After some preliminary experiments, I've settled upon a two pass parser that expands the pipeline definition to embed all the imports and explicitly define all the otherwise implied port connections. Also some other handy metadata is added to help the next stage which is the compiler. The compiler takes the expanded pipeline and generate an XSLT transform that, when applied to the source document(s), will generate the desired result document(s). The parser and compiler are separate entities and the parser can run independently of the compiler as can the compiler run independently of its 'driver' transform.
I'm also expecting to be making use of the parser stage for my XProc pipeline viewer that will be generating an SVG representation of the pipeline.
I really do enjoy writing XSLT that generates XSLT, especially when it is done by interpreting some declarative XML language. There's something uniquely satisfying about taking XML, processing it with an XML programming language (XSLT) to generate some new XSLT that will execute the instructions in the original XML document. Many people call them meta-stylesheets, but because we are not styling anything I'll refer to them as meta-transforms.

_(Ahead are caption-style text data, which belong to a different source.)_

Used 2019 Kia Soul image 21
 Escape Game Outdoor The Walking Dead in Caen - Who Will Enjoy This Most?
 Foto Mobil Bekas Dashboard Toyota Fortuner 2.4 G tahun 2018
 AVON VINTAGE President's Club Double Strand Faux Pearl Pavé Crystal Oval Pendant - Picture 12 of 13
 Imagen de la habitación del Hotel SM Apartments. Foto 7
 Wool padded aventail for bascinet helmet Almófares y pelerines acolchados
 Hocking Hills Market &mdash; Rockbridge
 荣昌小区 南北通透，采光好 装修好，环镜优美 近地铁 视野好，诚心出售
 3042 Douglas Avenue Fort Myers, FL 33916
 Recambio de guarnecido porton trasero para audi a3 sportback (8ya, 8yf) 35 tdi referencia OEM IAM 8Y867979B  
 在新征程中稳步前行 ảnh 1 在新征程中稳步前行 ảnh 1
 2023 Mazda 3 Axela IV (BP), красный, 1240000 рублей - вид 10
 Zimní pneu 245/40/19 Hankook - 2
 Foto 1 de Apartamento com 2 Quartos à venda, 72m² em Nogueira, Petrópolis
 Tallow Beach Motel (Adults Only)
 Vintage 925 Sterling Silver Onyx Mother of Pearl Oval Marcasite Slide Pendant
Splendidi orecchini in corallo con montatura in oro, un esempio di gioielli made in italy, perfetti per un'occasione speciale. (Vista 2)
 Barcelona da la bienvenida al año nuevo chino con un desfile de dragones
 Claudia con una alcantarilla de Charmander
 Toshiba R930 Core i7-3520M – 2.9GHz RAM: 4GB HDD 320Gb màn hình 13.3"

I have also implemented a 'driver' transform that can take a test document from the XProc Test Suite, compile the embedded pipeline, apply it to the input document and then compare its result with the embedded output document to see if the test has passed or failed. The next step is to make an additional transform that can work across the entire test suite and generate an appropriate report document for uploading to the Results page of the XProc Test Suite website.